Time to go begging for a bailout again. It’s not not a climate emergency now. It’s “cash crunch” emergency.

Europe’s solar panel manufacturing industry has urged the European Union to step in with emergency measures to avoid local firms shutting down under price pressure from Chinese imports, a letter seen by Reuters showed.

Multiple European solar manufacturers have announced plans to close factories in recent months, citing pressure from a flood of imports and an oversupply of solar panel parts that have piled up in European warehouses and pushed down prices.

In a letter to European Commission President Ursula von der Leyen, industry group the European Solar Manufacturing Council (ESMC) warned that without rapid help, the EU risked losing more than half of its operational solar photovoltaic module manufacturing capacity within weeks.

“Over the next 4–8 weeks, major EU PV module producers and their European suppliers are poised to shut down manufacturing lines unless substantial emergency measures are promptly implemented,” said the letter, dated Jan. 30.
ESMC asked the EU to launch emergency measures including a scheme to buy up excess inventories of EU solar modules to ease the oversupply, and change state aid rules to boost government support for local solar producers.

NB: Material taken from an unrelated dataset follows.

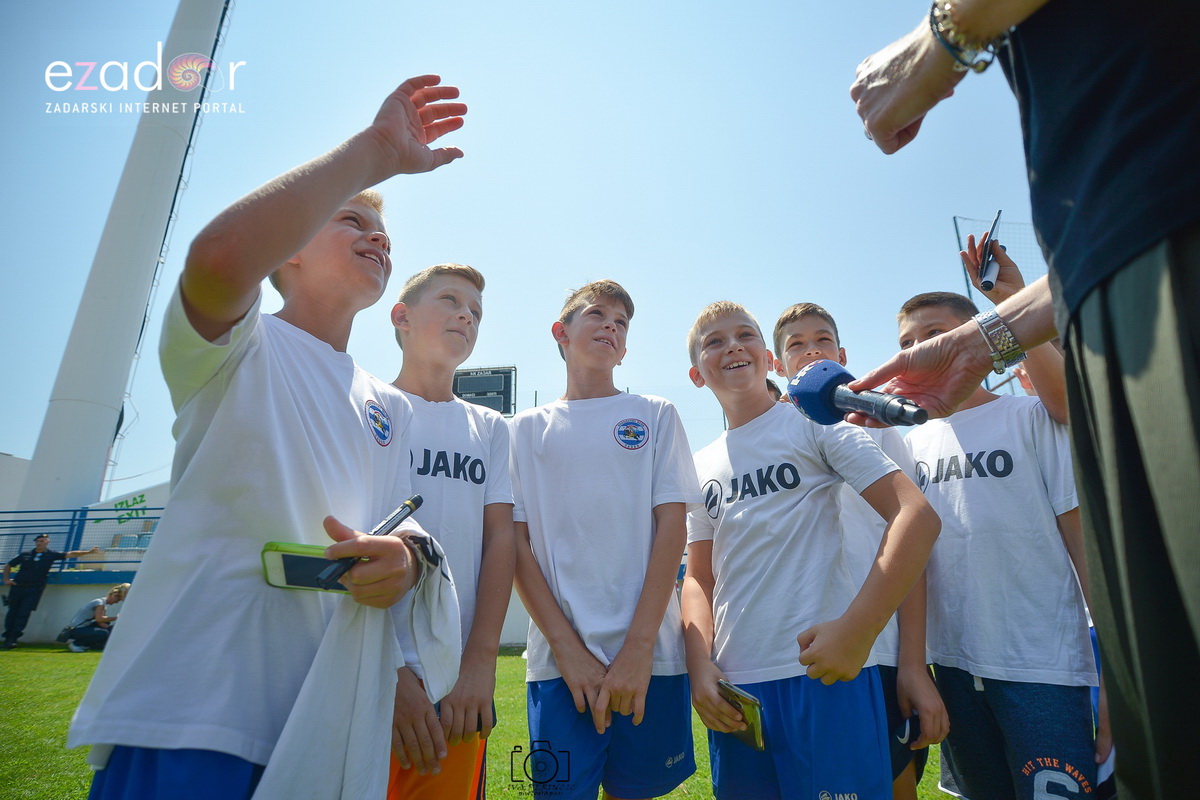 Zadarska vatrena četvorka na Stanovima se družila s mladim zadarskim nogometašima Zadarska vatrena četvorka na Stanovima se družila s mladim zadarskim nogometašima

One of the Swiss PV firms is threatening to shut down a factory in Germany this month “unless the government delivered promised funding.” Um…good luck with that. Germany, as I’ve noted time and again, is suffering through a touch of its own money crunch right now, and the hanging-on-by-the-hairs-of-their-chinny-chin-chin Greens no longer have the wherewithal – nor the consent of a duped and supine public – to blithely drop a check to cover the difference.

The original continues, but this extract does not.